7 Ekim 2011 Cuma

Araba Sevdası!

İşim olmadıktan sonra fazla dışarıya çıkmam. "Keyif için sadece müzik-kitap marketlere giderim." desem yalan söylemiş sayılmam ama "sakınan göze çöp batarmış" sözü çok doğru gerçekten. Sen ne kadar kurallara dikkat edersen, ne kadar saygılı olursan, ne kadar insan olabilmek için mücadele edersen, iyi niyetin o kadar çok kötülük olarak geri dönüyor sana.

"İnsan yaşamı" demek bencilce sadece insanın kendisinin yaşamak olduğu bir dünyada, "aşağıdakiler"e "yukarıdakiler"in hakim, yollara da trafiğin hakim olduğunu bildiğim için ben kaldırım ortasından giderken bile başıma bir şey düşeceği, yola yakın giderken de trafiğin kaldırıma çıkacağı paranoyasını yaşarım hep.

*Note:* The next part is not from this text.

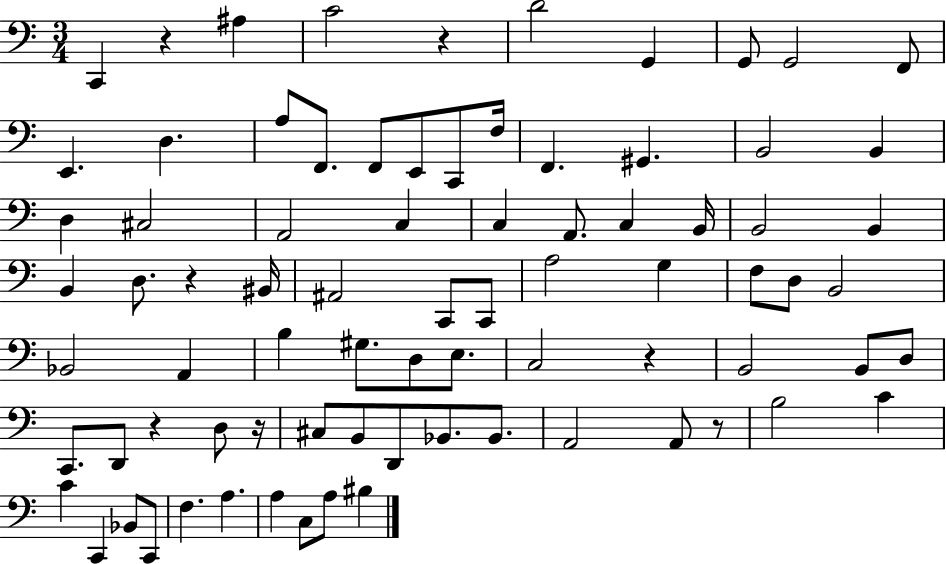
C2/q R/q A#3/q C4/h R/q D4/h G2/q G2/e G2/h F2/e E2/q. D3/q. A3/e F2/e. F2/e E2/e C2/e F3/s F2/q. G#2/q. B2/h B2/q D3/q C#3/h A2/h C3/q C3/q A2/e. C3/q B2/s B2/h B2/q B2/q D3/e. R/q BIS2/s A#2/h C2/e C2/e A3/h G3/q F3/e D3/e B2/h Bb2/h A2/q B3/q G#3/e. D3/e E3/e. C3/h R/q B2/h B2/e D3/e C2/e. D2/e R/q D3/e R/s C#3/e B2/e D2/e Bb2/e. Bb2/e. A2/h A2/e R/e B3/h C4/q C4/q C2/q Bb2/e C2/e F3/q. A3/q. A3/q C3/e A3/e BIS3/q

Bugün de işlerim için bisikletime atlayıp dışarıya çıktım ve eve dönerken hassasiyetimin kurbanı oluyordum az kalsın. Beni sollayan belediye otobüsü durakta durdu yolcu indirmek-bindirmek için. Ben duran araç olsun, giden ataç olsun hiç sollamam, hep beklerim. Gene otobüsün işini görüp gitmesini bekleyecektim ama arkamdan gelen  başka bir belediye otobüsü düdük çaldı gitmem için. Ben önümde duran otobüsü geçmeye çalışırken, otobüs hareket edince beni fırlattı solumdan geçen arabaların önüne. O anda neler olduğunu tam hatırlamıyorum korkudan. Sadece sol dizimin acısı kaldı o andan. Bir de adamın birisi "Geçmiş olsun" dedi, o kadar. Demek hayat dedikleri buymuş. Sen ölüyorsun, trafik akmaya , yayalar yürümeye, hayat da hiçbir şey olmamış gibi devam ediyor duyarsızca.

"Kaza geliyorum demez" diyorlar ya, aslında her dışarıya çıktığında "Kaza geliyorum" diyen bir duyarsızlık hakim  ülkemiz insanlarında. Bütün mücadelemiz yaşamak içinse, neden önceliklerimiz insan yaşamına saygı değil de işimiz oluyor acaba? Bir yere iki dakika geç gitsek veya yapacağımız işi insan yaşamından sonraya bıraksak bir şey kaybetmeyiz, bir can kazanırız daha.

Eve gelirken markete uğradım. Bir gazetenin manşetinde sırtından kocası tarafından bıçaklanmış bir kadının haberi vardı. Sığınma evinde kalan kadını kocası eve getirmek için eve getirmiş ve aynı günün akşamında sırtından bıçaklamış, evi de ateşe vermiş. Adamın savunusu "İhanete uğradım."

Anlatmak istediğim bu ülkede her gün insanlar ölüyor ister bıçaklanarak, ister trafik kazasıyla ama hep erkekliğin sevdaları yüzünden. Araba sevdası dedim yazının başlığına, çünkü bu ülkede araba bir ulaşım aracı değil, erkeği erkek yapan gerekliliklerinden-değerlerden biri. Araba erkeklik sevdası olmasa şehirlere bisiklet yolu yapılır ve ulaşım dünyayı az kirletecek şekle dönüştürülür. Bisikletle kaldırımdan gidersin yayalar rahatsız olur, yoldan gidersin böcek gibi ezilirsin.

Kadın da erkeğin hayatını paylaştığı bir insan değil, sadece erkeğin sevdalarından biri, istediği şekilde kullandığı bir arabası-malı ne yazık ki.

Ölümün bu kadar basit olduğunu başına gelince anlıyorsun. Demek aklına getirmediğin bir anda, sevdiklerine "hoşçakal" bile diyemeden ölüm kapını çalabiliyor, amaçların-hedeflerin, planların-projelerin, kısaca yaşamın yarım kalabiliyor sırf duyarsızlık yüzünden.